California collectors can avoid that state’s sales and use taxes if the artwork is shipped directly to another state and displayed there for more than 90 days, says Brotman, the San Diego attorney. Additionally, he notes, if the artwork is shipped directly to Oregon, which has no sales or use tax, and is displayed there for more than 90 days, the buyer can completely avoid the taxes. Several art museums in Oregon participated in this type of arrangement before the pieces were eventually returned to the buyer’s home in California.

Most other states, including New York, do not allow this. If someone who purchased a work of art in another state moves it to a residence in New York, even after a few years, that person will still owe New York use tax, although the taxpayer would receive a credit for sales or use tax already paid and should only be the difference between the two.

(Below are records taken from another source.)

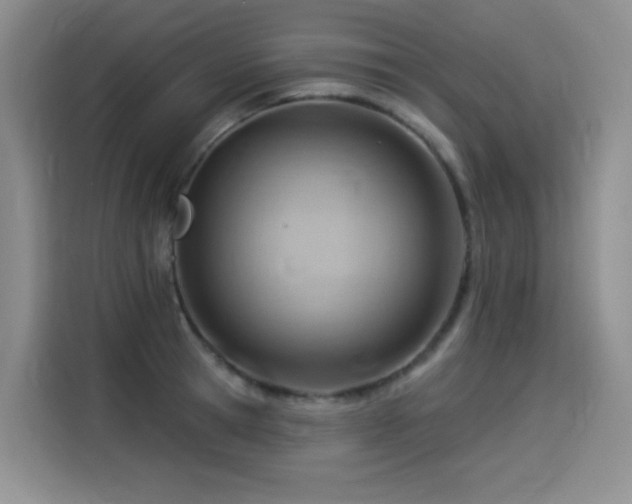 X0000114530945200910191319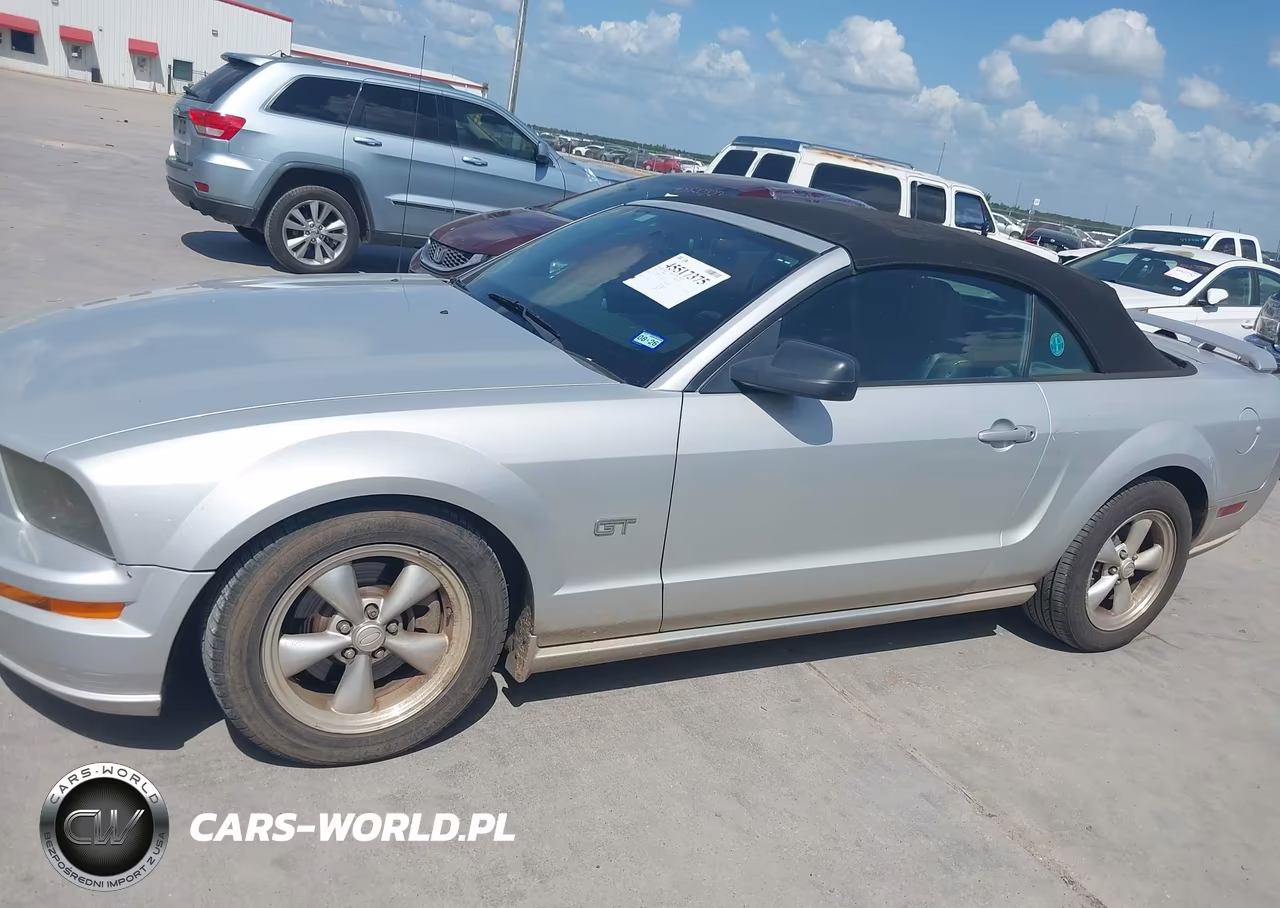 2008 Ford Mustang Gt Deluxe-Gt Premium VIN:1ZVHT85H685122249 - 14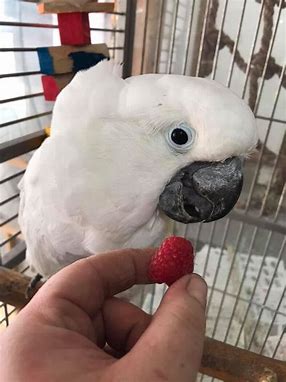 Image result for  cockatoo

Private art collectors and investors have also sent their purchases directly to Delaware art storage facilities, such as Crozier Fine Arts and Delaware Freeport, where purchases are tax exempt. Collectors waive paying sales or use tax until they choose to ship the artwork home, says Fritz Dietl, founder and president of Delaware Freeport. For some, “their homes are already overflowing with artwork, so might as well store new work where it’s tax-exempt,” says Dietl. For others, he argues, the problem is deferring taxes until a better time. “Maybe they buy something in Miami and have it sent to us, thinking they’ll have more money in a year or two to pay the tax. They can now play with sales tax money.